But I do have different takeaways from these though:

\- For every guy like me, there are a lot of other folk who can probably spend
the whole hour with you and make you leave ambivalent. You will never know
whether you hired him because you liked him or because of his skills.

\- An actual (even a flawed one) datapoint is better than nothing.

\- If the guys interviewing me are anything like me, They probably spend 5-10
hours a week on interviews already. This means custom tuning a process for
each candidate is exorbitantly hard. I mean we do look at resumes and try to
calibrate what we expect from a given candidate and we do assign certain folk
to get information about their current positions - but a completely
personalized loop is still in the zone of people who have been the top 1% of
any company. If you aren't there, you gotta expect the rote process.

\- I don't have a week to fully dedicate to each company. I currently have a
hard job - and I prefer to prepare for a generic process rather than custom
one.

\- It isn't really hard to prepare for this anyway: In fact the rote process
makes it so much easier. There are set concepts and websites. I built my own
list, filled them in with actual notes, practiced a 100 problems to get into
the mode and was in.

\- At the end of the day, all these companies have great people in great teams
solving great problems. It is very very hard to distinguish one from the
other, There is a very high chance you will end up doing very similar work for
one or other. So now the distinguishing factors become something else.

\- The recruiters in general are just trying to meet a quota.

------
alanfranzoni
Interviewing may be broken... but this is pure trolling, after all :-)

------
YZF
Wow! Is this a reply to yesterday's discussion about white boarding?

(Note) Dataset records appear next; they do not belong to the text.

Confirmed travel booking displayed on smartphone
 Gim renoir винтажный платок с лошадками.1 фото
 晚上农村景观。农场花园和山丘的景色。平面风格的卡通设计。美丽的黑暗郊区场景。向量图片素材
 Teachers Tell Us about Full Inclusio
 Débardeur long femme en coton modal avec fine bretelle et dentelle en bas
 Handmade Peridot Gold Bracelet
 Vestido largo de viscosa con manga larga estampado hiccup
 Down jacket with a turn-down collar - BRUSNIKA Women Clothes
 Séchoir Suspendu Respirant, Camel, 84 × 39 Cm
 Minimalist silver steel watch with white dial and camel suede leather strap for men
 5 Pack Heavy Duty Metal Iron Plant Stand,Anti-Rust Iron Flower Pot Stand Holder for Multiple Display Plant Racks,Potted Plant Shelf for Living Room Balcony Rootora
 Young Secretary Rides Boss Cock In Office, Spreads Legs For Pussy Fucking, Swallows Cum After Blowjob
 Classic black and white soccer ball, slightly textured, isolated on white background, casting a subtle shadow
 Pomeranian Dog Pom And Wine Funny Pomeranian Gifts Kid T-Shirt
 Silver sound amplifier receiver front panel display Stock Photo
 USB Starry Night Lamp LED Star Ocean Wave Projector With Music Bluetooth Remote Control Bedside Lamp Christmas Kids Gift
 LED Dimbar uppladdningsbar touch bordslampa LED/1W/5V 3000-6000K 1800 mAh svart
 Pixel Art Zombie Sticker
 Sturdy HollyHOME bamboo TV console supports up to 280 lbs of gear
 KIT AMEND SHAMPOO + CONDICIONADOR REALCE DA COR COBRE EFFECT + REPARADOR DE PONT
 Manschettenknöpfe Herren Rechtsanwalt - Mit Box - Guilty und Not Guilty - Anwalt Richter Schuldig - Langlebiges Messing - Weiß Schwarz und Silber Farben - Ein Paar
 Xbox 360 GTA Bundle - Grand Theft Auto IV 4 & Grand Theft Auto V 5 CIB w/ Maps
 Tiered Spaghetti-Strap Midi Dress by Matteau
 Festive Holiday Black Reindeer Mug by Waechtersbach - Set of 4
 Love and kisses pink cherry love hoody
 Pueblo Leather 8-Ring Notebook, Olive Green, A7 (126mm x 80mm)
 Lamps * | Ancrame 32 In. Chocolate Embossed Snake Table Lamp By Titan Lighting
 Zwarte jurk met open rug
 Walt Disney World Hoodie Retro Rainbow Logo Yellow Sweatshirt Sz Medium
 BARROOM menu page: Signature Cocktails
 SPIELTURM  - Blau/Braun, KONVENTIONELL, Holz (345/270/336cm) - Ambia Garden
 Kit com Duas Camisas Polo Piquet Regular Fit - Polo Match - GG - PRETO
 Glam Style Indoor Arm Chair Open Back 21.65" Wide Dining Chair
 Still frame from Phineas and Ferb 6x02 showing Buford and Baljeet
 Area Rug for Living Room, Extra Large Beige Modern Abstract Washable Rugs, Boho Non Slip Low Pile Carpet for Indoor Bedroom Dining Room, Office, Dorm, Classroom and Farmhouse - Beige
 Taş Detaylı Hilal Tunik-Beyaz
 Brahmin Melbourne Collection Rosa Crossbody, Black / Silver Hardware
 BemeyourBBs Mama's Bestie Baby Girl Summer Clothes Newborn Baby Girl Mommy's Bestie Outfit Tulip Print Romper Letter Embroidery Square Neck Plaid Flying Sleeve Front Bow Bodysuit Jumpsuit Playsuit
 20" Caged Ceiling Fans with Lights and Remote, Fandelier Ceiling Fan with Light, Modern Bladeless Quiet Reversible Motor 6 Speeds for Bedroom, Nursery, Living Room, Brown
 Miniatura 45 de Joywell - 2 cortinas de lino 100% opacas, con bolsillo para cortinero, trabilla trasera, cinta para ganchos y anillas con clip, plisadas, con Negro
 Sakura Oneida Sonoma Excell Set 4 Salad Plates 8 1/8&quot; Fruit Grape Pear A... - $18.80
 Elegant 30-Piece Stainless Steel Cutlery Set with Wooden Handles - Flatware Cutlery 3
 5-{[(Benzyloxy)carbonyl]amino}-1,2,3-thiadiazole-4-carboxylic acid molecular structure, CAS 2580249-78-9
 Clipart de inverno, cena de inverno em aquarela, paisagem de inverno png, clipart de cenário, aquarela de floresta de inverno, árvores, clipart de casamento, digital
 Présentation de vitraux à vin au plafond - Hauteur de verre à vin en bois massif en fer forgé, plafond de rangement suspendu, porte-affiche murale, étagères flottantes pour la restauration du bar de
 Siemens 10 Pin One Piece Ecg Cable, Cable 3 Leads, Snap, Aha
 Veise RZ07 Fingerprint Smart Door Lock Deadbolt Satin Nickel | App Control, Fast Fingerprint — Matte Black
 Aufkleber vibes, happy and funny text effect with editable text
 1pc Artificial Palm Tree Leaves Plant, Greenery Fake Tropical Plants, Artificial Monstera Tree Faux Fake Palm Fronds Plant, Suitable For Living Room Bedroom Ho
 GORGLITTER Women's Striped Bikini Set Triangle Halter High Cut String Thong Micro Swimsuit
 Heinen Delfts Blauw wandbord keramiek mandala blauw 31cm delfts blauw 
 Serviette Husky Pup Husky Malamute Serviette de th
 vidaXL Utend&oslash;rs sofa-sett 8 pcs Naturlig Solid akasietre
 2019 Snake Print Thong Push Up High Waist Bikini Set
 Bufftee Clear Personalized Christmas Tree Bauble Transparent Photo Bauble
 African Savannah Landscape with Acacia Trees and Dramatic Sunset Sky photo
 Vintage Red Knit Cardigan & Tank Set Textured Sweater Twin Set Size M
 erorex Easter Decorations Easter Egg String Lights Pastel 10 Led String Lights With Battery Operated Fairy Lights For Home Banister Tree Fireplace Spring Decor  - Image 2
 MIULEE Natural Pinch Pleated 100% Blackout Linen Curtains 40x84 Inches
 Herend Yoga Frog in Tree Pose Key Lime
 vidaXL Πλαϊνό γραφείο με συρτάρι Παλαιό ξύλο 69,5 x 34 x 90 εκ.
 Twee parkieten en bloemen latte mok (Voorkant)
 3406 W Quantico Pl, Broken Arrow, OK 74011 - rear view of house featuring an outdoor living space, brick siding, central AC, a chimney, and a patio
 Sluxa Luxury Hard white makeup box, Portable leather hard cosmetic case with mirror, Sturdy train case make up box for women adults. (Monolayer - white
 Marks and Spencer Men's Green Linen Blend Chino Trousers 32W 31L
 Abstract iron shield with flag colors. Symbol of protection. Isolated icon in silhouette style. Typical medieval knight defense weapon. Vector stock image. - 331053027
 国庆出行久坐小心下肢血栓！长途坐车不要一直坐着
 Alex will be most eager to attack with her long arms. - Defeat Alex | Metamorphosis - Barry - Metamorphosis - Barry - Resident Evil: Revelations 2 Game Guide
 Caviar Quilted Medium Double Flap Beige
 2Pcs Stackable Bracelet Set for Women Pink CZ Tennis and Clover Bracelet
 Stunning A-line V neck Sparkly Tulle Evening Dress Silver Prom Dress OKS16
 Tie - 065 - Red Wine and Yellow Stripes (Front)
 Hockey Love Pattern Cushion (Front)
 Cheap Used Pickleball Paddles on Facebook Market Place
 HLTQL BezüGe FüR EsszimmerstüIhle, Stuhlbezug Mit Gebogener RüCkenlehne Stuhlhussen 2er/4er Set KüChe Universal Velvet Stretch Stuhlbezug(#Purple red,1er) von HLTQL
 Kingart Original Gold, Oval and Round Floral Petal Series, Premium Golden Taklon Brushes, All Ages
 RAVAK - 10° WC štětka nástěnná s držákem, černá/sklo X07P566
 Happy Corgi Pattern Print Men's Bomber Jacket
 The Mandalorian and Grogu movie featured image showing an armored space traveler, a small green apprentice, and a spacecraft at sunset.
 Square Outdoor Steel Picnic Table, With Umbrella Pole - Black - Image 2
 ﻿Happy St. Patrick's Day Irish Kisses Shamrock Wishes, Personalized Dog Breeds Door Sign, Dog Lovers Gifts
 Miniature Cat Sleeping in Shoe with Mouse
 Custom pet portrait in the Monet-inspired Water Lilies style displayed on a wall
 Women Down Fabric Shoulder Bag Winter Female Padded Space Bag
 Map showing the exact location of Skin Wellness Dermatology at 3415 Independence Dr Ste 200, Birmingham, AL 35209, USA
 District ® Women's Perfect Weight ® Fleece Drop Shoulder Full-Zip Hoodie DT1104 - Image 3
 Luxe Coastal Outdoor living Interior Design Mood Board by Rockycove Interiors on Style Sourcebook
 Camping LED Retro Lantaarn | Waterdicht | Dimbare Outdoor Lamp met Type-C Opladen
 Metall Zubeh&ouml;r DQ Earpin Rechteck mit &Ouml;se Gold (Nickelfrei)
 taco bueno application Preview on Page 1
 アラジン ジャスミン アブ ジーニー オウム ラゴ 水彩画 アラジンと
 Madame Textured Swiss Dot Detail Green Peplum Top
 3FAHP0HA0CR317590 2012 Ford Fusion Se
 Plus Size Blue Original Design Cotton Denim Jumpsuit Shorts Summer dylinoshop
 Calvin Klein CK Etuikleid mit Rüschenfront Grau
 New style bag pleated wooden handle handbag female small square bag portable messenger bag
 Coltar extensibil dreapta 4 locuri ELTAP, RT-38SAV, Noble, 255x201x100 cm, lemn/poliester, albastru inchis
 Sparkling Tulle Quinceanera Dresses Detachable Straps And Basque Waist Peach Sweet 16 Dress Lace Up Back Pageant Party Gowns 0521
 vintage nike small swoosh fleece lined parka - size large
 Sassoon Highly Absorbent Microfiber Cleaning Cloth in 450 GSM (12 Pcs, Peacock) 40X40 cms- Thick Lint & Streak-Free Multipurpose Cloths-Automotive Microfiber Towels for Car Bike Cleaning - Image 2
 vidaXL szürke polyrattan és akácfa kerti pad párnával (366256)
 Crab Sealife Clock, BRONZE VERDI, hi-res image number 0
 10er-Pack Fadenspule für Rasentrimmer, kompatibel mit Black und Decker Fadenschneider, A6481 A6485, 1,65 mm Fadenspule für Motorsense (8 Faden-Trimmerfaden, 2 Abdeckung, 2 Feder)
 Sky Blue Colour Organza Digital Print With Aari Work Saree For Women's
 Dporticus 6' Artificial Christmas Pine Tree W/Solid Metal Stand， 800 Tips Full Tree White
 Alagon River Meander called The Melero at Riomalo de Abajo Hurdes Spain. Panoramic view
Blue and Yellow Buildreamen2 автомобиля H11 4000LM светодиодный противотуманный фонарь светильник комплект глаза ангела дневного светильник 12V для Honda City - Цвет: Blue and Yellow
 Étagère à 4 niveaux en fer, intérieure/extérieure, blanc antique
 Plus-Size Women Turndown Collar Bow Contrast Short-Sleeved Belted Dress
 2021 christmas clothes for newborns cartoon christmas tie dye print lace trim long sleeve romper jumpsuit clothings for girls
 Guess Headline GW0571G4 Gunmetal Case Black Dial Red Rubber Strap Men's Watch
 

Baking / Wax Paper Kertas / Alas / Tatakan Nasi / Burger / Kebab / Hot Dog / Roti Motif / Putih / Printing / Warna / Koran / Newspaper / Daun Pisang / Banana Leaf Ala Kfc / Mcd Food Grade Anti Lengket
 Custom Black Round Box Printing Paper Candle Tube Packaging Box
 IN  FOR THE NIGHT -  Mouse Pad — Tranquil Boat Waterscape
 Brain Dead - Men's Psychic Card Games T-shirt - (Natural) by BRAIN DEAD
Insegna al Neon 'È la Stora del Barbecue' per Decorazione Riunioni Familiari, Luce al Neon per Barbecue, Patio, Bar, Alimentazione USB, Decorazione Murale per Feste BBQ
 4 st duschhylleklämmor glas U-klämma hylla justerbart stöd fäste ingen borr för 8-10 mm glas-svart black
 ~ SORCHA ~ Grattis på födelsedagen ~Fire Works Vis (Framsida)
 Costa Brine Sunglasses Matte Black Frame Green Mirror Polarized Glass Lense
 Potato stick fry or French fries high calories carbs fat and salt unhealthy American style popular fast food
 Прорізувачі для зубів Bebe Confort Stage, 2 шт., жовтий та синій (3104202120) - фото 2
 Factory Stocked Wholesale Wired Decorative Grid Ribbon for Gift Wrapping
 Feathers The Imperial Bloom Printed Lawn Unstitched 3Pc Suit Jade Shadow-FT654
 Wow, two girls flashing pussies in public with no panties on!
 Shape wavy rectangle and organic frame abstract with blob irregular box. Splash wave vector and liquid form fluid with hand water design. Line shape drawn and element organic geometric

The Python list should have printed out [0, 1, 2] ... so (print "[") and
(print ", ") ... Maybe that's why we didn't get invited to the next interview
:)

For a moment there I thought some Python in Lisp thing was going to get pulled
out of the hat.

------
doc_gunthrop
Since some people have been bringing it up in this discussion, the K language
was developed by Arthur Whitney[1], not Ursula Le Guin.

1:
[https://en.wikipedia.org/wiki/K_(programming_language)](https://en.wikipedia.org/wiki/K_\(programming_language\))

------
devnonymous
Umm forget about the content, I got hooked in the first paragraph itself on
the style! Not many put effort into writing these days. The flavour of that
phrasing was pleasing enough for me to come back and write this.

/me heads back to read the rest.

------
ggggtez
Doesn't look like a linked list to me... Looks like an array.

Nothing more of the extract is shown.